→ WHAT YOU HAVE TO DO
Each line in the entries below that holds the word "Edition" belongs in the answer.

Stored items
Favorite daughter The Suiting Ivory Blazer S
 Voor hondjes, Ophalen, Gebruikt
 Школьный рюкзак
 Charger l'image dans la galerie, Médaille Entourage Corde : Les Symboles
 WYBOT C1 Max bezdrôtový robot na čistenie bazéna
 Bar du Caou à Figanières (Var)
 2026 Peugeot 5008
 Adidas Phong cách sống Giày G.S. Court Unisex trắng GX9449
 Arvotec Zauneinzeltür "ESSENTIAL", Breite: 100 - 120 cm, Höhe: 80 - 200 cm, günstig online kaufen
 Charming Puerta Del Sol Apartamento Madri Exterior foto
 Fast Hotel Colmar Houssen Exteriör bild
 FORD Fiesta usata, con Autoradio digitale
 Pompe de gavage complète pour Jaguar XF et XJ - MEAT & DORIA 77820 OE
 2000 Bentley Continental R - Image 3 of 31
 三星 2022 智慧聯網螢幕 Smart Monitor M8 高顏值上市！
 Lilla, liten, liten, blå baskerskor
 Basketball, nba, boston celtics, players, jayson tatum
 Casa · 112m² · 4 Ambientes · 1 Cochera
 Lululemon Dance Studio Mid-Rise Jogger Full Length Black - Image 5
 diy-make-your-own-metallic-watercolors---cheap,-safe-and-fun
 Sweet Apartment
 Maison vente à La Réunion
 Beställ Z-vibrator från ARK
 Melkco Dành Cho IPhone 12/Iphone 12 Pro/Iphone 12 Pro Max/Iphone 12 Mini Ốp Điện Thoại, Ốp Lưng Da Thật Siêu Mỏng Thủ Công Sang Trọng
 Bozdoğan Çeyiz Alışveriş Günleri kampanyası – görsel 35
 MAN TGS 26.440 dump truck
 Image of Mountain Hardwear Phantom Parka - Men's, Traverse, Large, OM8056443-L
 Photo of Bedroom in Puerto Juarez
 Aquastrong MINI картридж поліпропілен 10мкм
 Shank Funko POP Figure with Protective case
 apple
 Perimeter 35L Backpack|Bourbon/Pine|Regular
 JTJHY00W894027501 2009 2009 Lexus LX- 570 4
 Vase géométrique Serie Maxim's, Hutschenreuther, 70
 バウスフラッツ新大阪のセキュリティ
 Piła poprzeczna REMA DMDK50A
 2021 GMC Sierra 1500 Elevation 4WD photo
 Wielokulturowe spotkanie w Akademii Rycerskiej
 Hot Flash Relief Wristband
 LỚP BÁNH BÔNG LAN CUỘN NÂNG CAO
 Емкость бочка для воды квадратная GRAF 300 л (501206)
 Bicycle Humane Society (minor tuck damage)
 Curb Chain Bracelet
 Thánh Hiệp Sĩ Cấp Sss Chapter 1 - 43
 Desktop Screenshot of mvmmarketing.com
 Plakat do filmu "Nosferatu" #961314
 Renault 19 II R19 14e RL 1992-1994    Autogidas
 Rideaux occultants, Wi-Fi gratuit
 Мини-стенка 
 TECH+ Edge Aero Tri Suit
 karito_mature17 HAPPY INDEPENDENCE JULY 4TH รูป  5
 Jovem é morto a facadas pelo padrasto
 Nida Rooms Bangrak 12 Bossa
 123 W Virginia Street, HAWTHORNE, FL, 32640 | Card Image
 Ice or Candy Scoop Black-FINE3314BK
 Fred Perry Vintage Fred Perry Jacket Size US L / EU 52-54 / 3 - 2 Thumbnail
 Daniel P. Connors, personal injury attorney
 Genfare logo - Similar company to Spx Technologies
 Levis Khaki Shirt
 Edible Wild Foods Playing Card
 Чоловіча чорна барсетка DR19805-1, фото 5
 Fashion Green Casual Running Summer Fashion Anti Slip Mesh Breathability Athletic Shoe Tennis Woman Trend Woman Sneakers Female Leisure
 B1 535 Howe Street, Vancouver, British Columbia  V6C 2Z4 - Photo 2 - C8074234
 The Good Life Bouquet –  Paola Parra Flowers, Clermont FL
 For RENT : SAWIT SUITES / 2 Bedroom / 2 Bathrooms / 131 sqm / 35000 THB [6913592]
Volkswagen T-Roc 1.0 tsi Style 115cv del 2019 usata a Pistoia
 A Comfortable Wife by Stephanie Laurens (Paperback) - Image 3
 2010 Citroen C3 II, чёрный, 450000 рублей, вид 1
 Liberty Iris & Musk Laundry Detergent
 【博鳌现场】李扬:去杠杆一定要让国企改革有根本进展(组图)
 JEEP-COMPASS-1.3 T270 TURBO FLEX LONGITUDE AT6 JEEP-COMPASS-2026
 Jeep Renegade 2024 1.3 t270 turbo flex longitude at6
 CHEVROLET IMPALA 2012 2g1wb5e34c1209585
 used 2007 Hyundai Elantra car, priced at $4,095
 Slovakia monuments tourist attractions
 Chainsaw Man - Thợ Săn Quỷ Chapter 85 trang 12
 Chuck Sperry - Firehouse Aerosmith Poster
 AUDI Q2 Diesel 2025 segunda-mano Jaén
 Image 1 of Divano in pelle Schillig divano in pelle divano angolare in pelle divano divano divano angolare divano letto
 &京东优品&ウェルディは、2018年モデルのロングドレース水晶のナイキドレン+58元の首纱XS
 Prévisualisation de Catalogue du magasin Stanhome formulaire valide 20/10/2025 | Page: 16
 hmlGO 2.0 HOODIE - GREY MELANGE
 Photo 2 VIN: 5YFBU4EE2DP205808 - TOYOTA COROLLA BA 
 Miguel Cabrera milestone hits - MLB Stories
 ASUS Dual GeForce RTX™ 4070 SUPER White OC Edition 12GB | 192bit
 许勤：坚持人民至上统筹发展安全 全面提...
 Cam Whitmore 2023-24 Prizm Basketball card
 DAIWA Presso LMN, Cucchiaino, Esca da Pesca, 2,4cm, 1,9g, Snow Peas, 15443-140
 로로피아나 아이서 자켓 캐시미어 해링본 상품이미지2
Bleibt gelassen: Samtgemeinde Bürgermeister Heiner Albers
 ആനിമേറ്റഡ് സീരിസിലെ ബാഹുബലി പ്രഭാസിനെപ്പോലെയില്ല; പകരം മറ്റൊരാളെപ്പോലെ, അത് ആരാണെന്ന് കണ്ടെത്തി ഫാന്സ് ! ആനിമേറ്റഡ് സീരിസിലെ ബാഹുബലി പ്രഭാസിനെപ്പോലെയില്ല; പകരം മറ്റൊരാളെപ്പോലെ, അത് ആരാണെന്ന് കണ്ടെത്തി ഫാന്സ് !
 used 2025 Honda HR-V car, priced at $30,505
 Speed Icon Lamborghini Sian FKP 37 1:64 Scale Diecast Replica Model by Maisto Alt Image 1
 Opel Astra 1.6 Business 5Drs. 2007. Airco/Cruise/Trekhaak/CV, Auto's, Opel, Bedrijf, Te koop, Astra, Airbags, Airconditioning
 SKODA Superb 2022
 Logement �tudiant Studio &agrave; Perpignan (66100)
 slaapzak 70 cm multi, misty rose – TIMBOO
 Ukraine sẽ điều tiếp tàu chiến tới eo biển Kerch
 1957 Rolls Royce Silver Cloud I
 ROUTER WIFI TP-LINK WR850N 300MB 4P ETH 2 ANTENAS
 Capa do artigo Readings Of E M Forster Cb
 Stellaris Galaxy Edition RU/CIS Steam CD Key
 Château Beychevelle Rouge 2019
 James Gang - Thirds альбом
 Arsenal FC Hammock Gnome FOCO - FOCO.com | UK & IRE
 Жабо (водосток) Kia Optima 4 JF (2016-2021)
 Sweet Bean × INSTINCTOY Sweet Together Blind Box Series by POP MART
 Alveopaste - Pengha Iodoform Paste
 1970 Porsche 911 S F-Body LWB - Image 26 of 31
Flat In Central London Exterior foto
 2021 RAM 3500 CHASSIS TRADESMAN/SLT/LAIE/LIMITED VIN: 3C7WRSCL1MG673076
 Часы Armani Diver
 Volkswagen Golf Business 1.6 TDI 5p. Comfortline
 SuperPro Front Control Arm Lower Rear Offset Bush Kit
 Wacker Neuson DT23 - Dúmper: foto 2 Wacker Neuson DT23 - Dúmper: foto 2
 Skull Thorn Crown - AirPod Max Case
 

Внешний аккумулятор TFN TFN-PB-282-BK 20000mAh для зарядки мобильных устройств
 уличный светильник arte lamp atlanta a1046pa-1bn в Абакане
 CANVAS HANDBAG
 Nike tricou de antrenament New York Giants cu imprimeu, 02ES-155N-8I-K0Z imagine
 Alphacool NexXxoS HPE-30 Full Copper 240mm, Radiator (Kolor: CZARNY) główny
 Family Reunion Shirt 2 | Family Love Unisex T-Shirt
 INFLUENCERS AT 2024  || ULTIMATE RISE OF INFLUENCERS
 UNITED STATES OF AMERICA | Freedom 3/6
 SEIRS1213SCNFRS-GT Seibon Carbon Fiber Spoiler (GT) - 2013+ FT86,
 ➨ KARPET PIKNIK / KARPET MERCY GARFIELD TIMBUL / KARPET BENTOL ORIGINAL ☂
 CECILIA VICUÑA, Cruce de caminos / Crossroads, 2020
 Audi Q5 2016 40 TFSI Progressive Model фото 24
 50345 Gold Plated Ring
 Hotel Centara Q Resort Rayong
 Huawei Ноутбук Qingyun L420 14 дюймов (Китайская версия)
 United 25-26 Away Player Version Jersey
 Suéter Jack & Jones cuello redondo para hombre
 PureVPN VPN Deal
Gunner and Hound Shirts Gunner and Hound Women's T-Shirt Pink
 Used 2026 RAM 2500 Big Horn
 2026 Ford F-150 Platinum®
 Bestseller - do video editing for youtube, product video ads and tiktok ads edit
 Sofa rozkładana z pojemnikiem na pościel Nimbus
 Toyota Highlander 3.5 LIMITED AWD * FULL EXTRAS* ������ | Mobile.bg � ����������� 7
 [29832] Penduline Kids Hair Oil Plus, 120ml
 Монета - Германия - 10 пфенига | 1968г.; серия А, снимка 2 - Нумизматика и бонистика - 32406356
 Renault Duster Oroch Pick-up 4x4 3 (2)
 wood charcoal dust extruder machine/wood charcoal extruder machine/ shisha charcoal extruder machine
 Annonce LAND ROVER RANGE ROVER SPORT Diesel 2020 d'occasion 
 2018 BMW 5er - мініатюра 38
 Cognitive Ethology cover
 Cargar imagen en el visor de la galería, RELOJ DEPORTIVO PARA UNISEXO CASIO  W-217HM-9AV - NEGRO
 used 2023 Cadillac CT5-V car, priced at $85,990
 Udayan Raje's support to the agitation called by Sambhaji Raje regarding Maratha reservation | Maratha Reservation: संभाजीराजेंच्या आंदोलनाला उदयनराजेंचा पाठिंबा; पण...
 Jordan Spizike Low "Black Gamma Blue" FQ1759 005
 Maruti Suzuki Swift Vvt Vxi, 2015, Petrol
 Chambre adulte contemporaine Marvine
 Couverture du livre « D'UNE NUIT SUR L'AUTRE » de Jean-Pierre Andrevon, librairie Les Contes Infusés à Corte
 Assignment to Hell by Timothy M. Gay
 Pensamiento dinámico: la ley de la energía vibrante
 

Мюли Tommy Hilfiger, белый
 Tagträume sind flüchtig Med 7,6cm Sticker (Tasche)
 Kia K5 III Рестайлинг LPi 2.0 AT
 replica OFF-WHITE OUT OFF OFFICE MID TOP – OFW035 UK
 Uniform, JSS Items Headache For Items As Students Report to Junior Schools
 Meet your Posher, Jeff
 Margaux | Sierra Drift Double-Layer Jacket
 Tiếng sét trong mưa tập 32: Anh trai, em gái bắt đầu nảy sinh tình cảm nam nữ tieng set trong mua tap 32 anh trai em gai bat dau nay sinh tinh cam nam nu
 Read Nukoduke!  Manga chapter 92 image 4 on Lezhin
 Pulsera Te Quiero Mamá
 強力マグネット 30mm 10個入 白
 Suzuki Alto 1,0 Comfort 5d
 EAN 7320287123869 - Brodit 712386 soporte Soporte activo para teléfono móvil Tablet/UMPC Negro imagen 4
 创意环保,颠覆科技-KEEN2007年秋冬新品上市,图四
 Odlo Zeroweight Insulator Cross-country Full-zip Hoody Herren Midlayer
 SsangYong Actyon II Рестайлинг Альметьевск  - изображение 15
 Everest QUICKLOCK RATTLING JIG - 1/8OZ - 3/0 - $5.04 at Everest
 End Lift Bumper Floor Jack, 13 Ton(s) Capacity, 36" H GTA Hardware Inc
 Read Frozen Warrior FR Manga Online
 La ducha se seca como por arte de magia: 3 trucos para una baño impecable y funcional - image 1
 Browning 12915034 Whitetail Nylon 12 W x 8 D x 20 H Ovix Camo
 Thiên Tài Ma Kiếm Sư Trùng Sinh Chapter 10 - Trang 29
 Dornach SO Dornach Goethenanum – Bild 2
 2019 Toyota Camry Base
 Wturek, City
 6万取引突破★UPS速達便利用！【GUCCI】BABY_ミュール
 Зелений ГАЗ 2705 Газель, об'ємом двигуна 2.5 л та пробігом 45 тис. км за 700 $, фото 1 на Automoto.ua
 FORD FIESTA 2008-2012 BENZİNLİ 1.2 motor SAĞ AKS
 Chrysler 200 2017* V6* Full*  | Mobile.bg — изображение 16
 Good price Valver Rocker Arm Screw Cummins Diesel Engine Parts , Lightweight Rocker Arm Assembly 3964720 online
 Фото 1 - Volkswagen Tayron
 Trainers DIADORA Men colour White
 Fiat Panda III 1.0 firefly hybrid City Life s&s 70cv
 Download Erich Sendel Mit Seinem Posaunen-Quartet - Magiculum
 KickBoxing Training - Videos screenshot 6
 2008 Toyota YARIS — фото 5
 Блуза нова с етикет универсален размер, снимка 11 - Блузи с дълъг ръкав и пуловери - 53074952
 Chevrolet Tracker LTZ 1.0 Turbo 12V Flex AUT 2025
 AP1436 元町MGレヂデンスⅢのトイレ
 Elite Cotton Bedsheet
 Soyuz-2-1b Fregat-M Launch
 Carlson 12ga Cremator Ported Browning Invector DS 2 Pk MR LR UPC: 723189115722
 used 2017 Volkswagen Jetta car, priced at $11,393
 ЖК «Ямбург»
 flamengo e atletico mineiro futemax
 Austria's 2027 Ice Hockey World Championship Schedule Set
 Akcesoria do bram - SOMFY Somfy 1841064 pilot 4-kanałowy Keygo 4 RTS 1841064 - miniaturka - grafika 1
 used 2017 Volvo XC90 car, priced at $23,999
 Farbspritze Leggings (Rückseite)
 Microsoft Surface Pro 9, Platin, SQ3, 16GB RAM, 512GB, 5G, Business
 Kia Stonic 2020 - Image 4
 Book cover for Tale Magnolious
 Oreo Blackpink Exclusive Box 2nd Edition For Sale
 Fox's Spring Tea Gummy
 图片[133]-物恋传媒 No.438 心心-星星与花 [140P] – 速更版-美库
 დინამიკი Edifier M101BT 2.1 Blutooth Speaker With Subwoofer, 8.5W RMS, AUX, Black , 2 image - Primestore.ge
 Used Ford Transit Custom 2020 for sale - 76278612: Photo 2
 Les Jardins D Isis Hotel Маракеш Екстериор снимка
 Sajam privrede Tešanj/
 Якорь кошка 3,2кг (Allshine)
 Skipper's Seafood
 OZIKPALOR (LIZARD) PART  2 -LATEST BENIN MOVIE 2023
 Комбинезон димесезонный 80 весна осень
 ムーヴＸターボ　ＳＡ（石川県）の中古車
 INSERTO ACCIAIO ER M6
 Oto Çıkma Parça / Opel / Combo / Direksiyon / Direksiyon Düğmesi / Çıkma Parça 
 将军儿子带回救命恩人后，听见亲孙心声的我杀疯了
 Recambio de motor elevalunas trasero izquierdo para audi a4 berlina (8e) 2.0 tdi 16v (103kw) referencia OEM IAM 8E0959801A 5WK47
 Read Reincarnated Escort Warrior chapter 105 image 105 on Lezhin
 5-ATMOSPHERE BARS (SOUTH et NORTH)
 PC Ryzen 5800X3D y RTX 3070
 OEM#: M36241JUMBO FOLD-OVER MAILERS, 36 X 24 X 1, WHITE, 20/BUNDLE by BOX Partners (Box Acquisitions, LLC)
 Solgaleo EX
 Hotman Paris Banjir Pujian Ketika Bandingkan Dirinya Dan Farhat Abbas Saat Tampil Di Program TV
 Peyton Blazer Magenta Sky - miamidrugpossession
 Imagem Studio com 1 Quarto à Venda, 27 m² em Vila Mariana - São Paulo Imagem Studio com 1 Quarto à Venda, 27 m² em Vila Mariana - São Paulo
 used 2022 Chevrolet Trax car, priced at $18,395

→ SOLUTION FOR THIS PROBLEM
 ASUS Dual GeForce RTX™ 4070 SUPER White OC Edition 12GB | 192bit
 Stellaris Galaxy Edition RU/CIS Steam CD Key
 Oreo Blackpink Exclusive Box 2nd Edition For Sale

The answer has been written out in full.